Par ailleurs, la cherté des prix de transaction est non seulement imputable aux coûts de transport, mais aussi, souvent, à une mauvaise information. Quand il n'y a pas de SIM, les négociants doivent se débrouiller tout seuls pour trouver les renseignements dont ils ont besoin, ce qui pèse particulièrement aux petits négociants. Le plus souvent, ils glanent ces renseignements par l'intermédiaire d'un réseau individuel d'informateurs, et ils les complètent par des visites directes sur les marchés. Mais tout cela leur prend du temps, et souvent les renseignements arrivent trop tard. Les gros négociants qui peuvent se permettre d'utiliser les télécommunications ont un atout de plus, et peuvent répartir leurs coûts d'information sur un plus grand nombre de produits.

1.5 L'information courante et les agriculteurs

Les agriculteurs se heurtent souvent au fait qu'ils n'ont que peu de débouchés pour leurs produits. Ils sont également souvent liés par des relations usuelles avec certains négociants, dont ils dépendent parfois quand ils ont besoin de crédit. Pour beaucoup d'agriculteurs, les avantages offerts par l'arbitrage spatial des prix sont donc souvent limités. De plus, les faibles quantités produites par nombre d'entre eux rendent souvent ces avantages illusoires.

Le fait que les petits agriculteurs ne bénéficient que faiblement de l'arbitrage spatial ne saurait toutefois conduire à conclure qu'une bonne information sur les marchés ne leur sert à rien. Au contraire, alors que l'organisation d'un SIM officiel se justifie en grande partie, mais théoriquement, par les occasions d'arbitrage qu'il crée, dans la réalité, les négociants disposent déjà souvent de réseaux d'information diffus et précis, et l'introduction d'un SIM n'apporte pas grand chose aux possibilités d'arbitrage. Les SIM apportent toutefois aux agriculteurs des avantages d'ordre pratique qui sont souvent plus précieux pour eux que les occasions d'arbitrage pour les négociants.

Un SIM, même très simple, peut permettre aux agriculteurs de vérifier les prix qu'on leur propose au vu des cours et des prix les plus fréquemment pratiqués sur les marchés. C'est le cas en Indonésie, où les prix maraîchers sont communiqués quotidiennement pour chaque zone principale de production. Si un agriculteur constate qu'on lui a payé un prix inférieur au cours communiqué, il peut envisager de changer de négociant la prochaine fois, ou de mener un marchandage plus serré, ou encore d'améliorer la qualité et/ou la présentation de ses produits. Les cours communiqués servent également souvent de point de départ pour les tractations du lendemain avec les négociants.
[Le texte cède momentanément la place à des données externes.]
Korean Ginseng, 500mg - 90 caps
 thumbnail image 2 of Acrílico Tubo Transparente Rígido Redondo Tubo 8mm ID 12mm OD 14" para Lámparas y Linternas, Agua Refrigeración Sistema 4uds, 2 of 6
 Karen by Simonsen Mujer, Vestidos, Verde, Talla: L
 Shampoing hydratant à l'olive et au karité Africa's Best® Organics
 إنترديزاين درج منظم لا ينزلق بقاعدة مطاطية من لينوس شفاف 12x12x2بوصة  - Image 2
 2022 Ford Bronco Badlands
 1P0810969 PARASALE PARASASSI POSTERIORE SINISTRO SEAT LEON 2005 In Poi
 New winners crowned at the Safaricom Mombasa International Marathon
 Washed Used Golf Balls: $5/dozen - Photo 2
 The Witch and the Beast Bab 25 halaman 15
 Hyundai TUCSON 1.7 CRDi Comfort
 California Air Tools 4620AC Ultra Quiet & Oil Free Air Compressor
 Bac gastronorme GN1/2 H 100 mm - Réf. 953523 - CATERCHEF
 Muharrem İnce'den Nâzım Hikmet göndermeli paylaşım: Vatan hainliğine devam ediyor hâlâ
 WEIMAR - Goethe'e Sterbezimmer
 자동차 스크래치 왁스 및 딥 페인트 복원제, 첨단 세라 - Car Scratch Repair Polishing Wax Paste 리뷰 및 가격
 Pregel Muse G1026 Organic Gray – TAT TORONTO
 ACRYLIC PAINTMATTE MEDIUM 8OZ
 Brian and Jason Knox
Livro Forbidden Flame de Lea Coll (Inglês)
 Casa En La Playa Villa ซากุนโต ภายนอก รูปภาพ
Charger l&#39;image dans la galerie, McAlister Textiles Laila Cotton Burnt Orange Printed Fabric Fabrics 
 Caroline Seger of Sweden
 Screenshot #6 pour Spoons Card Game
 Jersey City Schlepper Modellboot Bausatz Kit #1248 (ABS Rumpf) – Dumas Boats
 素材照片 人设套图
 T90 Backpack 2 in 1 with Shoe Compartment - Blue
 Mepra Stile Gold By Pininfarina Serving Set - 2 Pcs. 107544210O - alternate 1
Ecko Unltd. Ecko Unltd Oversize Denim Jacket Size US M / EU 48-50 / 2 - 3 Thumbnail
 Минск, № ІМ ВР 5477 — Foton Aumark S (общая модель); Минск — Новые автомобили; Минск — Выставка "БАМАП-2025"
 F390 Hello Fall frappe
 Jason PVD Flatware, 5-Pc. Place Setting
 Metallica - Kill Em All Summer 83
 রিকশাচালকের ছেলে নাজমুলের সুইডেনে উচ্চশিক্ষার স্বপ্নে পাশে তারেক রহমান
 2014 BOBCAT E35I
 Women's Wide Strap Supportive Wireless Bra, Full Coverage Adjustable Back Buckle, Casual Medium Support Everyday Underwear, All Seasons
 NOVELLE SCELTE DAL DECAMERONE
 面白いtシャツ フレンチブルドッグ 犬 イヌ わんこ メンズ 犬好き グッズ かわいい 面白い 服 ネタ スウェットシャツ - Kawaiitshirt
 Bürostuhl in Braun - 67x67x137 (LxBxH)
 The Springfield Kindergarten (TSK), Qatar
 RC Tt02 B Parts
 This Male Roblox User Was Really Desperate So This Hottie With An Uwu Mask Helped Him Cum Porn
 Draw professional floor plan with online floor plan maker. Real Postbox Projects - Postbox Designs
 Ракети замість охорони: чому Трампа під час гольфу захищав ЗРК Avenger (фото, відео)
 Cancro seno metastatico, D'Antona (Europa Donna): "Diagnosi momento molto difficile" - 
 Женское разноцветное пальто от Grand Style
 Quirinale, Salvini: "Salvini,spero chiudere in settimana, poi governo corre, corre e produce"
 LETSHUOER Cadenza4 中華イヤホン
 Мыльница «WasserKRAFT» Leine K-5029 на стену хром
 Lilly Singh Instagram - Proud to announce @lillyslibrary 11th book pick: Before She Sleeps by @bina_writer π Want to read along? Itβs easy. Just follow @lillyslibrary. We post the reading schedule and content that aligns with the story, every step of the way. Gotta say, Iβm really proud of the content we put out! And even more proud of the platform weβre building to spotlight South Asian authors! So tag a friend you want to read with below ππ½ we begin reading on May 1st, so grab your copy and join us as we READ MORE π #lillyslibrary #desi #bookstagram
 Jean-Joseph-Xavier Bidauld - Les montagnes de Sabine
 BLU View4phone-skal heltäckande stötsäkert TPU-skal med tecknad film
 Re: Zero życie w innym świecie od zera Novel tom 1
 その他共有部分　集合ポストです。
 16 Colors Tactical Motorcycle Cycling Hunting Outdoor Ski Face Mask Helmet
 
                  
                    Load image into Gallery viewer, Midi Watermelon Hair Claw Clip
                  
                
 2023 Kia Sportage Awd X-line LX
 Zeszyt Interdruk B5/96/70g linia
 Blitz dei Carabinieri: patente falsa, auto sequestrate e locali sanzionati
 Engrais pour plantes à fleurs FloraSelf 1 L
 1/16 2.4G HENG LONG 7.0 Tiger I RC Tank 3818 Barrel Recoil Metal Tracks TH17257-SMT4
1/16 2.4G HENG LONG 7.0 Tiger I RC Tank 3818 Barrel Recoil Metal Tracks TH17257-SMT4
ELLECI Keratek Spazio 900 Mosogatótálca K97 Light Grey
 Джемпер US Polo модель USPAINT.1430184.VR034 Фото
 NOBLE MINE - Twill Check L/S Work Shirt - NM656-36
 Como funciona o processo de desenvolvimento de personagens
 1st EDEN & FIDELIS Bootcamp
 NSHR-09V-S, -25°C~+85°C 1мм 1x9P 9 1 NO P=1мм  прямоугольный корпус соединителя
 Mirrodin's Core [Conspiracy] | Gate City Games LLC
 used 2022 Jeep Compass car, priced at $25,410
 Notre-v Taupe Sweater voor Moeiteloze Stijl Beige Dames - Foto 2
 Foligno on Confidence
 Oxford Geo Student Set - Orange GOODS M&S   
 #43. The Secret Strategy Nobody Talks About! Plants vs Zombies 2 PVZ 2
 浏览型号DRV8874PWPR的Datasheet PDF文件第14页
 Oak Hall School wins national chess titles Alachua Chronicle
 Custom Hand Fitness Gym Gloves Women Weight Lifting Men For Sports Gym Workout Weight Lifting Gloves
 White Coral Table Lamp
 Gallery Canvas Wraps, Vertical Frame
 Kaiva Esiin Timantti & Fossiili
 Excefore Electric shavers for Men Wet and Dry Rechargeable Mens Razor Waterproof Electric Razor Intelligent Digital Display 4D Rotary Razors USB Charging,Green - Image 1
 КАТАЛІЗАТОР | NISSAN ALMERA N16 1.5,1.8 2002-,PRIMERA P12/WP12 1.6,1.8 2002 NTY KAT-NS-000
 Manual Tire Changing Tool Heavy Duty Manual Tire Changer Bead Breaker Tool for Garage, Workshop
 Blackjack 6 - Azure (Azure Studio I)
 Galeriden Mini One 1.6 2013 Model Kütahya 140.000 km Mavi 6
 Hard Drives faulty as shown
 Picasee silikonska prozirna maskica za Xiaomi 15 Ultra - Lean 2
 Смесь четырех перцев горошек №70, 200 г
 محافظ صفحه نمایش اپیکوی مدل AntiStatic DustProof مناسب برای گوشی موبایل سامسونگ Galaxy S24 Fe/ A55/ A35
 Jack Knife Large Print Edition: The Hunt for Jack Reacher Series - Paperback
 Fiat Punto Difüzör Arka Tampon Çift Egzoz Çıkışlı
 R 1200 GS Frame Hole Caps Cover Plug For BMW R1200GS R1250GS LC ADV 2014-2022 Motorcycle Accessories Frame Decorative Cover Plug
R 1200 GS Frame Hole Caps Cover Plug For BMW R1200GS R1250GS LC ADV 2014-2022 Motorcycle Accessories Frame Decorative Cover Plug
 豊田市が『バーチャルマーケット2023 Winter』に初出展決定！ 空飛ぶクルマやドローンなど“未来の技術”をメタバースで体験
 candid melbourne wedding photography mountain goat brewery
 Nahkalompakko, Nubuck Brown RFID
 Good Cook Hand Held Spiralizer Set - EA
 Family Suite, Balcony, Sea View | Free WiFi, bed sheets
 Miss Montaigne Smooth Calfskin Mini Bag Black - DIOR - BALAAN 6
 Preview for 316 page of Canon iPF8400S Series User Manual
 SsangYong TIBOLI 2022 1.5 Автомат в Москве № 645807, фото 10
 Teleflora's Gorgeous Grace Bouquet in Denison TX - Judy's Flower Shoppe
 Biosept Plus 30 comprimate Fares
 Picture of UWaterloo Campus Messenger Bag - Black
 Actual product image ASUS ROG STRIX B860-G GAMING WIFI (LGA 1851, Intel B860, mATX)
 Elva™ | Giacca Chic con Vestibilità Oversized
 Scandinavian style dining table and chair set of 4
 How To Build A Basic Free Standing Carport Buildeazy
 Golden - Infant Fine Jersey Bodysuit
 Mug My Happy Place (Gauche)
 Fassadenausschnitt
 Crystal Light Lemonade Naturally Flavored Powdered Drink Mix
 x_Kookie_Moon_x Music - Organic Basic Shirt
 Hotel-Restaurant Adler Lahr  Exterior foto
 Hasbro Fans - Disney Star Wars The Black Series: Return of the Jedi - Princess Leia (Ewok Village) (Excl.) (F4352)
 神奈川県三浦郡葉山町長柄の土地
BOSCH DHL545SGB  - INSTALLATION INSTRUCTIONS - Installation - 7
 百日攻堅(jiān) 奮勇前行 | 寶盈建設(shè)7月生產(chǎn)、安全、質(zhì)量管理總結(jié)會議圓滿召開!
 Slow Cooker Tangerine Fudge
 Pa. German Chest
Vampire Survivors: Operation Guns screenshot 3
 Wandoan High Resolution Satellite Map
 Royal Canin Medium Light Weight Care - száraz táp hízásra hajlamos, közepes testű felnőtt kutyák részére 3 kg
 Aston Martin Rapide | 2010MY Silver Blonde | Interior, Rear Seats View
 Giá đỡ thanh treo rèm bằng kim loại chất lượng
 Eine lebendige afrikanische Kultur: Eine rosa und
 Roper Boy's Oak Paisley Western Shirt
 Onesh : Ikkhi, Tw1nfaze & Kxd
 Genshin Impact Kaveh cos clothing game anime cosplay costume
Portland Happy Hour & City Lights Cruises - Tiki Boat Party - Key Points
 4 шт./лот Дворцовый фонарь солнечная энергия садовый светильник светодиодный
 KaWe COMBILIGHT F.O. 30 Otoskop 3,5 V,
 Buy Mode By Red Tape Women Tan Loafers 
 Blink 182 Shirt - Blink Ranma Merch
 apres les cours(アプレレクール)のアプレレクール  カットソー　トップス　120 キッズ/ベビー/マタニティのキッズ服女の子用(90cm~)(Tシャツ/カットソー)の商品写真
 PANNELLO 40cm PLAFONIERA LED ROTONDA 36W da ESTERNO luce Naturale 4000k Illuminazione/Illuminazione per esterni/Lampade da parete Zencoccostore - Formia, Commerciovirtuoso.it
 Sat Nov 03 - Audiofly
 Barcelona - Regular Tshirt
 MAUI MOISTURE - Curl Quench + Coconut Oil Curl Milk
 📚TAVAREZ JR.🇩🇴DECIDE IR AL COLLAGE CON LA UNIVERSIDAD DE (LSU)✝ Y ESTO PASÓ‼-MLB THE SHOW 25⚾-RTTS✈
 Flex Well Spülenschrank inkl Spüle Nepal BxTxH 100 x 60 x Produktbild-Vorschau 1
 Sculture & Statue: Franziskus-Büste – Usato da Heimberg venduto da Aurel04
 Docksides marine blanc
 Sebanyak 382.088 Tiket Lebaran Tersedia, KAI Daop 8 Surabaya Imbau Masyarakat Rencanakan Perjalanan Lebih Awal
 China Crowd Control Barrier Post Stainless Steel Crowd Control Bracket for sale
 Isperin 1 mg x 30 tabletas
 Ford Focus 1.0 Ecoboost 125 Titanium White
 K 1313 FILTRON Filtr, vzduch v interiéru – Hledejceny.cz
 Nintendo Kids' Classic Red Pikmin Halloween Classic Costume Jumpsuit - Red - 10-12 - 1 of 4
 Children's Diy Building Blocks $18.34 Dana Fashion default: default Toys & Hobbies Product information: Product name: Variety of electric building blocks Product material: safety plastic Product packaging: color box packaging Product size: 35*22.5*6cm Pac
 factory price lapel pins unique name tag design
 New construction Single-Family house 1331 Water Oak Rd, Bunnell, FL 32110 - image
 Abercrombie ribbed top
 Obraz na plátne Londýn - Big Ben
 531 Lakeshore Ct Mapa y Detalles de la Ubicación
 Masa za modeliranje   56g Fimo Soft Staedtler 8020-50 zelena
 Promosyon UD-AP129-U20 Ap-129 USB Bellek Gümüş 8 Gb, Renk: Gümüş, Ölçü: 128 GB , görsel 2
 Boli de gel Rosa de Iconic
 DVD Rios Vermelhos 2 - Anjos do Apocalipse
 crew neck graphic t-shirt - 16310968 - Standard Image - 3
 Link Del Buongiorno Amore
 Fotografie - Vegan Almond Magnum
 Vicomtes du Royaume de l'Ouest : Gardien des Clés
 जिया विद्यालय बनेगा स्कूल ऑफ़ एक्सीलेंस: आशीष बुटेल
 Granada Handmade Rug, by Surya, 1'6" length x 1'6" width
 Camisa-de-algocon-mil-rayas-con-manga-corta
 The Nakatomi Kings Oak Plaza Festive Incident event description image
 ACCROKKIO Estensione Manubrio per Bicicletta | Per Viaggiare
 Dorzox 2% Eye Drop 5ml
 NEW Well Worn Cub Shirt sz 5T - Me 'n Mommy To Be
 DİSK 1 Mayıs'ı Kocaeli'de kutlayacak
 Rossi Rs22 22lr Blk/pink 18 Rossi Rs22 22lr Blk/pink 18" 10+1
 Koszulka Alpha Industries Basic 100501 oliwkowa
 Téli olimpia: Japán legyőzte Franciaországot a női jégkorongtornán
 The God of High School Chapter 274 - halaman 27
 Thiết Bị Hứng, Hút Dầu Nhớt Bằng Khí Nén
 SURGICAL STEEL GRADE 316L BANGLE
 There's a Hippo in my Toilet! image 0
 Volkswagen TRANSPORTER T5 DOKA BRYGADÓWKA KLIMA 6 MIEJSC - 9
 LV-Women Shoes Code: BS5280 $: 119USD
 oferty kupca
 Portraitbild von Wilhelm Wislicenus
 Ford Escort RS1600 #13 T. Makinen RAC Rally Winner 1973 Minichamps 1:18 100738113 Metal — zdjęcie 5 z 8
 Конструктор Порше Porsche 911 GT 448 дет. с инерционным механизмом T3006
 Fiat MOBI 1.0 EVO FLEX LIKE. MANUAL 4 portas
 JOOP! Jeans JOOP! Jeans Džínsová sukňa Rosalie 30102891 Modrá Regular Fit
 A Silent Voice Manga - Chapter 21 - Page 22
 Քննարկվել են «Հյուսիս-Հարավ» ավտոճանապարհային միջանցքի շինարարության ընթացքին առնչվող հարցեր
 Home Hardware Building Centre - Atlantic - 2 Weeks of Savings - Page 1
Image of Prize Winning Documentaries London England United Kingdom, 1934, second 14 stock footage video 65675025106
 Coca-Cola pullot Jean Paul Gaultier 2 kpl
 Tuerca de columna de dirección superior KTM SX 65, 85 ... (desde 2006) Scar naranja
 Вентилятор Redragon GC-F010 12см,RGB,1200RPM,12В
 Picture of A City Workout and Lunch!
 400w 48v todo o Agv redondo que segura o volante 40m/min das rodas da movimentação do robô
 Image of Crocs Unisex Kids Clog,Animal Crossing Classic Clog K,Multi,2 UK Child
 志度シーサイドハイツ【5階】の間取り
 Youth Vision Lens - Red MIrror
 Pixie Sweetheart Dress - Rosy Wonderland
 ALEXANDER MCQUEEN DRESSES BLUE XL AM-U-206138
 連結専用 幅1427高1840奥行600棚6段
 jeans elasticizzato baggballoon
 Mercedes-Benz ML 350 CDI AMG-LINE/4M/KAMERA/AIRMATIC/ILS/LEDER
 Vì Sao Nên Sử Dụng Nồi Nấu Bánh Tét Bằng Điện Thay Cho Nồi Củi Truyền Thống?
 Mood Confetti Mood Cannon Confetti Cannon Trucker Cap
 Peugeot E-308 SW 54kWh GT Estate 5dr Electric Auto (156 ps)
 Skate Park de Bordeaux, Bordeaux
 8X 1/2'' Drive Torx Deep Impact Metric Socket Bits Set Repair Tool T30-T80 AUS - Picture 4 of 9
Le SIM indonésien aide certainement les agriculteurs à négocier avec une force accrue.

Le SIM indonésien fournit aux agriculteurs les derniers prix à la ferme enregistrés au moment de la clôture des transactions. Peu d'autres pays ont une telle concentration de maraîchers dans un aussi petit nombre de zones de production, ni les ressources suffisantes pour se permettre un tel service. Toutefois, même un SIM plus simple peut offrir périodiquement des renseignements sur un ou deux marchés terminaux, ce qui aide les agriculteurs de plusieurs façons: l'information fait diminuer le coût de revient des produits parce qu'elle diminue le risque et, en dernier ressort, sur la base de ces informations, un agriculteur peut même décider de repousser sa récolte en vue d'en obtenir un meilleur prix.

Le fait de pouvoir disposer d'informations sur les cours peut induire un agriculteur à changer sa stratégie de commercialisation. Alors qu'au niveau individuel, les agriculteurs peuvent difficilement tirer un avantage de l'arbitrage spatial des prix, s'ils s'unissent, ils peuvent s'organiser pour gérer en commun leurs moyens de transport pour atteindre des marchés plus lointains, mais plus rentables. La commercialisation de groupe n'est certes pas exempte de problèmes, elle présente des avantages mais il faut toutefois éviter de la pratiquer à grande échelle. Une meilleure information peut quand même servir à encourager certaines initiatives de commercialisation groupées.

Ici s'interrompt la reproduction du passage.